Corriere del Mezzogiorno (Campania)
Un monito contro la «napoletanità» populista
C’è un nesso forte, infatti, tra napoletanità e populismo. E c’è un nesso ancora più forte tra i De Filippo e la napoletanità.
Quasi un cerchio che si chiude, col rischio di consegnare definitivamente il mito dei De Filippo a una prospettiva ambigua. A sollevare il caso, ancora una volta, è Raffaele La Capria che da una vita ci spiega che la napoletanità non sarebbe nulla senza «Di Giacomo, le canzoni napoletane, Era di maggio, Palomme ‘e notte, Eduardo, Totò e Troisi». Eduardo, appunto.

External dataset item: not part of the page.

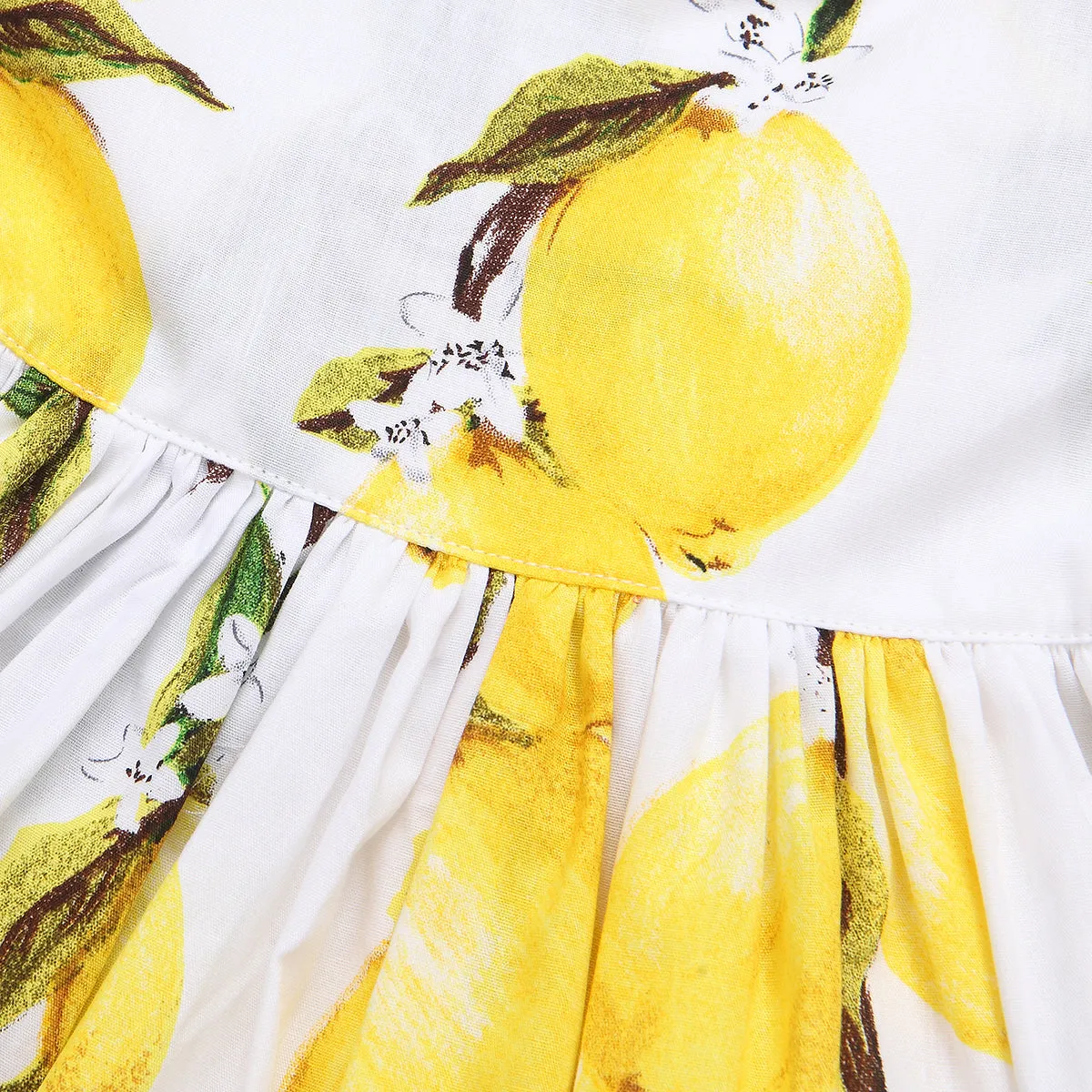 Summer ruffle yellow little girls dress toddler lemon dress for 1- 8 years old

Nel suo ultimo libro, Il fallimento della consapevolezza, la Capria torna a scagliarsi contro la napoletanità perché — spiega — è una cultura che «si ama e si crogiola», a differenza di una cultura europea che invece «è autocritica, è spiacente con sé stessa, tende a superarsi, a introiettare e a divenire altro, perché si interessa dialetticamente dell’altro da sé».
Inoltre, ribadisce di non amare «il populismo e la plebe-dipendenza di tanti intellettuali e scrittori napoletani perché sono sentimentali e non analitici». Ammette, però, che la napoletanità ha tenuto insieme la società; ha sanato la frattura tra la Napoli plebea e quella illuminata di cui si parla dai tempi di Vincenzo Cuoco; e grazie all’uso del dialetto ha abolito le differenze tra ricchi e poveri favorendo una convivenza altrimenti impossibile. Siamo al punto.

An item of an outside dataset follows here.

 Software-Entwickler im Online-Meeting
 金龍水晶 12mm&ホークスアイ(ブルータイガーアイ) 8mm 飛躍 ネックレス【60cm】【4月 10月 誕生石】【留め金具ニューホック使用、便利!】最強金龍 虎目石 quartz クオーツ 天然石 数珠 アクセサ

La dimensione ambigua della napoletanità è la stessa del populismo di oggi. Trasversale. Maggioritaria. Funzionale a tenere insieme gli opposti: ieri la plebe aggressiva e la borghesia intimidita, oggi le pulsioni sudiste e quelle nordiste del governo gialloverde.

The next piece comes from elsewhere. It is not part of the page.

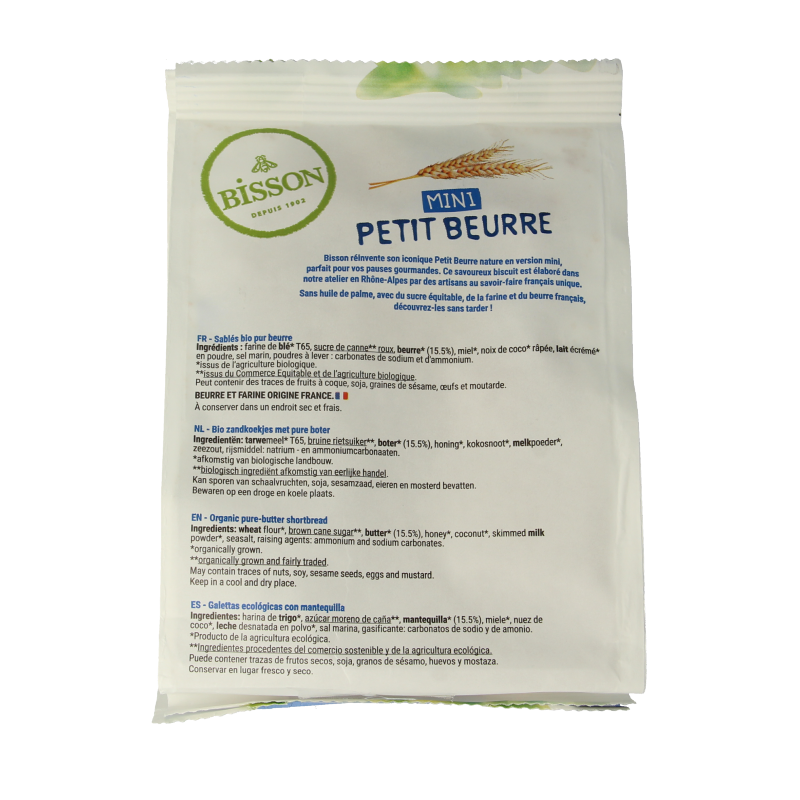 Bisson Mini petit beurre biscuitjes bio 125 Gram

Dopo averla anticipata, Napoli e la napoletanità si specchiano nell’Italia populista. Non a caso — ci ricorda Paolo Macry — Napoli è la città di Lauro che anticipa Berlusconi; di Bassolino che anticipa il partito del leader anche a sinistra; e di de Magistris che anticipa Di Maio e Fico. È il mistero della napoletanità con cui provò a misurarsi, a metà degli anni Settanta, anche Antonio Ghirelli che dedicò al tema un saggio-inchiesta che fece molto rumore. Ghirelli indagò a tutto campo e intervistò decine di personalità, da Elena Croce a Antonio Juliano, l’Insigne del tempo. Alla fine anche lui, il giornalista-scrittore amico di La Capria, di Francesco Rosi e di Filippo Patroni Griffi; anche lui del gruppo dei napoletani «fuoriusciti», chiamati così perché decisi a sprovincializzarsi allontanandosi da Napoli, ne rimase in qualche modo irretito. La napoletanità esiste, scrisse, ed è qualcosa di molto simile alla hispanidad: analogo è il rimando a una civiltà peculiare.
Per ironia della sorte, fu poi lo stesso La Capria, un giorno, a invocarla con toni positivi. Gli capitò quando Giorgio Bocca, dopo aver pubblicato L’inferno, tornò, con un successivo libro, a ricollocare Napoli — corrotta, violenta e incivile — negli inferi. Era il 2006 e alla fine di un duro scambio di lettere, La Capria prese le difese della città e si congedò così: «Caro Bocca, un po’ di napoletanità farebbe bene anche a te, ti renderebbe un po’ più duttile, un po’ più aperto alla bellezza della vita».
Curioso, no? Uno passa gli anni a criticare la napoletanità perché la considera una «controrivoluzione esistenziale», e poi, a fini autoassolutori, finisce per indicarla come antidoto a visioni troppo cariche di pregiudizio. Come si spiega? Non c’è che una risposta. Nella napoletanità deve esserci qualcosa che pur se «sentimentale e poco analitico», come dice La Capria, può essere comunque utile. Perfino a chi crede nella ragione e non nel folklore. Sarà il parlar chiaro. Saranno la vicinanza alla sostanza delle cose o l’andare verso il popolo per non perderlo di vista. Saranno il presepe come metafora e il caffè come pietra filosofale. Difficile dirlo. Ma nessuno può negare che i De Filippo, come Totò e Troisi, sapessero cosa fosse. E se ancora li celebriamo, qualcosa vorrà pur dire.